WHAT THE TASK REQUIRES
Transcribe each line of the material as it is, and drop any picture.

DATA TO PROCESS
══════════

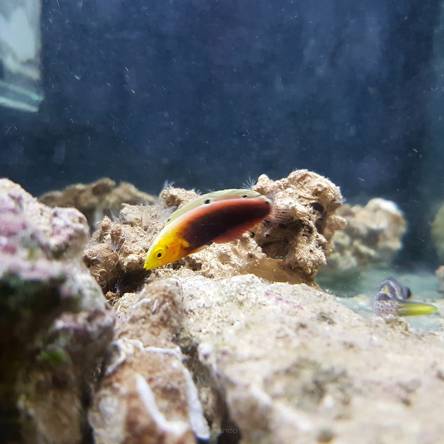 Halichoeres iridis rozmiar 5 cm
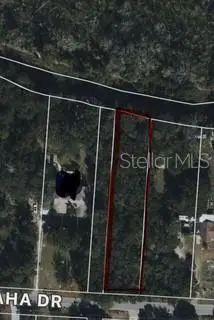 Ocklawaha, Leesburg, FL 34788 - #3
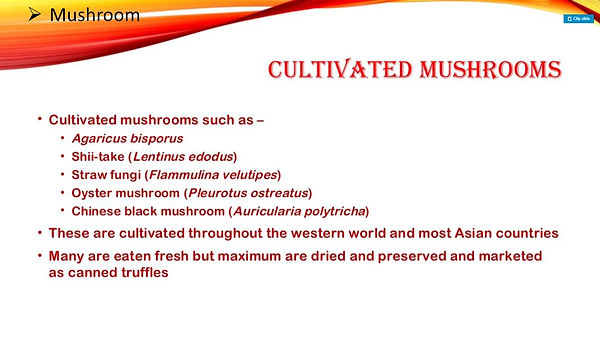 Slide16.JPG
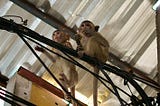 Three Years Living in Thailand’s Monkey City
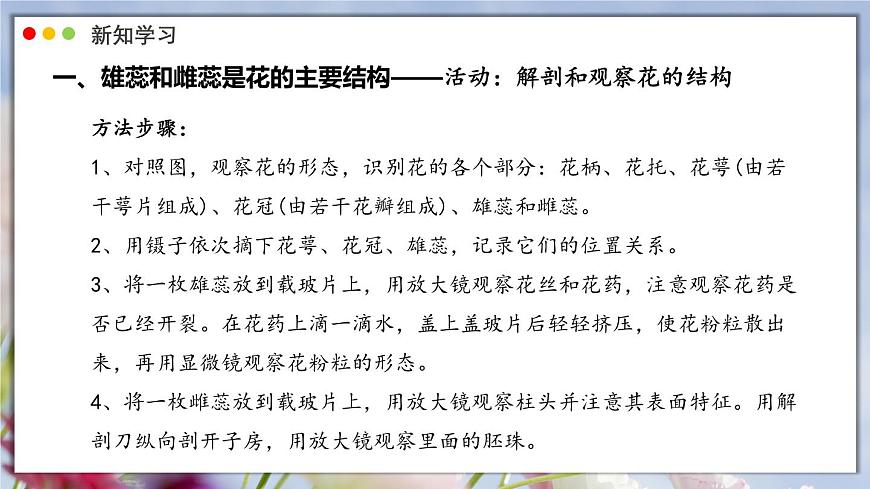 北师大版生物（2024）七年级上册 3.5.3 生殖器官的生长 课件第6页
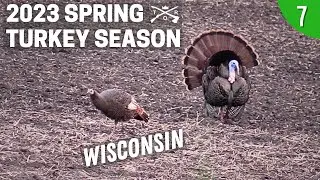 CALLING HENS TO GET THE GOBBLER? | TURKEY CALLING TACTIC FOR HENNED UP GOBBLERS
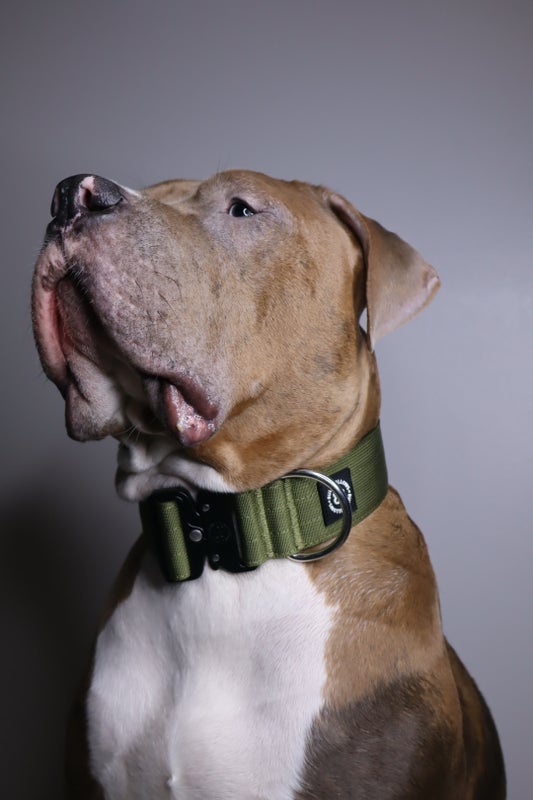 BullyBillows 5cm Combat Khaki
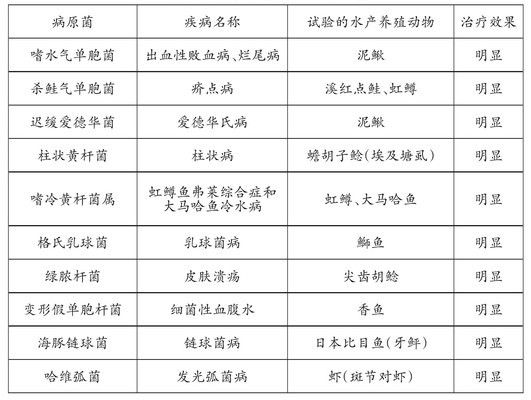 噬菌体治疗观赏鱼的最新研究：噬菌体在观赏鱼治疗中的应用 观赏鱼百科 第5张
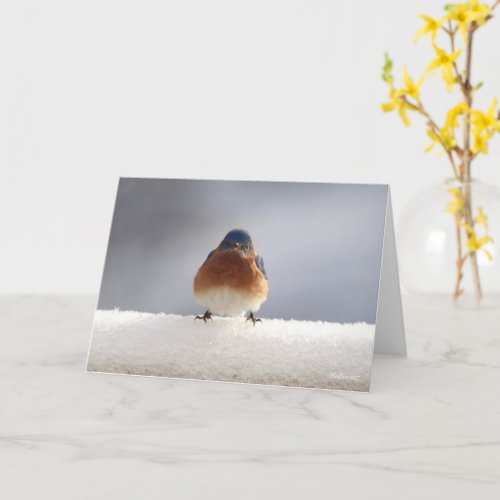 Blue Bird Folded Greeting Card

══════════

ANSWER AREA
 Halichoeres iridis rozmiar 5 cm
 Ocklawaha, Leesburg, FL 34788 - #3
 Slide16.JPG
 Three Years Living in Thailand’s Monkey City
 北师大版生物（2024）七年级上册 3.5.3 生殖器官的生长 课件第6页
 CALLING HENS TO GET THE GOBBLER? | TURKEY CALLING TACTIC FOR HENNED UP GOBBLERS
 BullyBillows 5cm Combat Khaki
 噬菌体治疗观赏鱼的最新研究：噬菌体在观赏鱼治疗中的应用 观赏鱼百科 第5张
 Blue Bird Folded Greeting Card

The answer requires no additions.